Centre for Pediatrics and Adolescent Medicine, Freiburg University Hospital, University of Freiburg, Freiburg, Germany.
Nat Genet. 2011 Feb;43(2):132-7. doi: 10.1038/ng.749. Epub 2011 Jan 9.
Vertebral and metaphyseal dysplasia, spasticity with cerebral calcifications, and strong predisposition to autoimmune diseases are the hallmarks of the genetic disorder spondyloenchondrodysplasia. We mapped a locus in five consanguineous families to chromosome 19p13 and identified mutations in ACP5, which encodes tartrate-resistant phosphatase (TRAP), in 14 affected individuals and showed that these mutations abolish enzyme function in the serum and cells of affected individuals. Phosphorylated osteopontin, a protein involved in bone reabsorption and in immune regulation, accumulates in serum, urine and cells cultured from TRAP-deficient individuals. Case-derived dendritic cells exhibit an altered cytokine profile and are more potent than matched control cells in stimulating allogeneic T cell proliferation in mixed lymphocyte reactions. These findings shed new light on the role of osteopontin and its regulation by TRAP in the pathogenesis of common autoimmune disorders.

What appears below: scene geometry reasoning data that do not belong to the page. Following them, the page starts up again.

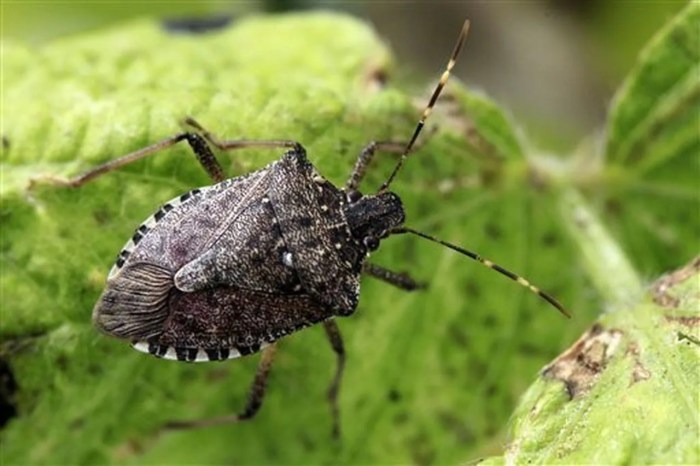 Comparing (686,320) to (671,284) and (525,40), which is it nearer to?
(671,284)

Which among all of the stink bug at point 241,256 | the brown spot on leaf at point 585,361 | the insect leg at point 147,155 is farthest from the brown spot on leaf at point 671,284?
the insect leg at point 147,155

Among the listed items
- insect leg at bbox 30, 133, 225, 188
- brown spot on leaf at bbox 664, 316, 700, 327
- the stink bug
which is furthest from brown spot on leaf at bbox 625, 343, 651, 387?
insect leg at bbox 30, 133, 225, 188

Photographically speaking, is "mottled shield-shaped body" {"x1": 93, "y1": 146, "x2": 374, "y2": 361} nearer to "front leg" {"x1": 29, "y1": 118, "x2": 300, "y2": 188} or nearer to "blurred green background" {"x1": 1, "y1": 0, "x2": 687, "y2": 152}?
"front leg" {"x1": 29, "y1": 118, "x2": 300, "y2": 188}

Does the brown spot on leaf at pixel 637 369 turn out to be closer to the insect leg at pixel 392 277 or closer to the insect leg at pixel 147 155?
the insect leg at pixel 392 277

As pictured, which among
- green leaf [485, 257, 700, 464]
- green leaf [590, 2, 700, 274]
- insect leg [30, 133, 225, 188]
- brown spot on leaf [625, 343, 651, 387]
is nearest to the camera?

脊椎和干骺端发育不良、痉挛伴脑钙化、以及对自身免疫性疾病的强烈易感性是遗传性脊椎骨骺发育不良的特征。我们将五个近亲家庭的基因定位到 19p13 染色体上,并在 14 名受影响的个体中发现了 ACP5 的突变,该基因编码抗酒石酸酸性磷酸酶(TRAP),并表明这些突变使受影响个体的血清和细胞中的酶功能丧失。磷酸化骨桥蛋白是一种参与骨吸收和免疫调节的蛋白质,在 TRAP 缺乏个体的血清、尿液和细胞培养物中积累。源自病例的树突状细胞表现出改变的细胞因子谱,并且在混合淋巴细胞反应中比匹配的对照细胞更有效地刺激同种异体 T 细胞增殖。这些发现为骨桥蛋白及其在常见自身免疫性疾病发病机制中的 TRAP 调节作用提供了新的认识。